Finalmente el brexit, una decisión populista y poco reflexiva tomada al socaire de la crisis económica y con insuficiente consideración de sus consecuencias, que solo ahora comienzan a intuir muchos británicos, ha sido un torpedo en la línea de flotación del proyecto europeo. Ojalá logremos un acuerdo de divorcio que minimice esos daños y garantice una buena relación futura, lo que tampoco está garantizado pues no es infrecuente que en las separaciones los factores emocionales tengan un peso muy grande. Pero el brexit tiene al menos una gran ventaja porque equilibra la relación francoalemana al quedar Francia como única potencia nuclear de la UE y como único miembro permanente con derecho de veto en el Consejo de Seguridad de la ONU. No son cualidades menores y esto apunta a un relanzamiento del eje francoalemán que siempre ha sido el verdadero motor de Europa. En Francia ha sido elegido el europeísta Macron y Merkel renueva como canciller en Alemania (aunque no es buena noticia que tenga que gobernar con los liberales antieuropeos). Ha llegado el momento de relanzar el proyecto europeo.

¿Y España? La cuarta economía de la eurozona, miembro de la moneda única y del espacio sin fronteras de Schengen tiene mucho que decir en esta coyuntura.
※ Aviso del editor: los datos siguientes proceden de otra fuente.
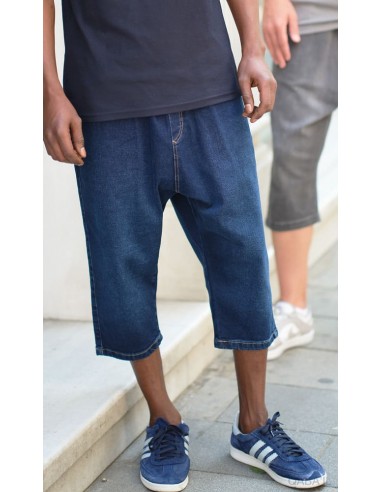 Sarouel Bermuda Jean Stretch S25 Bleu...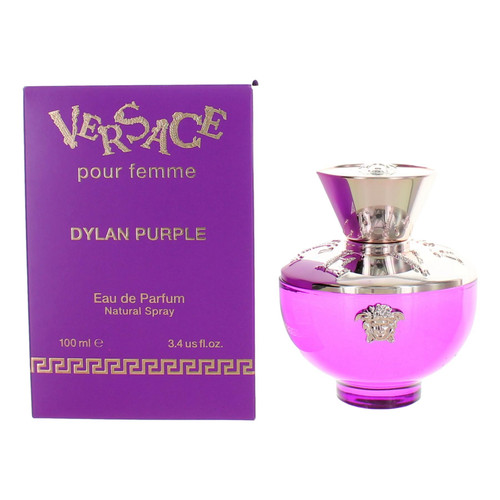 Versace Dylan Purple by Versace, 3.4 oz EDP Spray for Women Versace Dylan Purple by Versace, 3.4 oz EDP Spray for Women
Porque si no lo hace, Europa se hará sin tener en cuenta nuestros intereses y eso no nos conviene. Para influir necesitamos tres cosas: ideas sobre lo que queremos, voluntad política para imponerlas hasta donde lleguen nuestras fuerzas y un estado fuerte que las respalde. No estoy seguro de ninguna de las tres condiciones se cumpla ahora, aunque la buena noticia es que las tres tienen arreglo porque dependen únicamente de nosotros.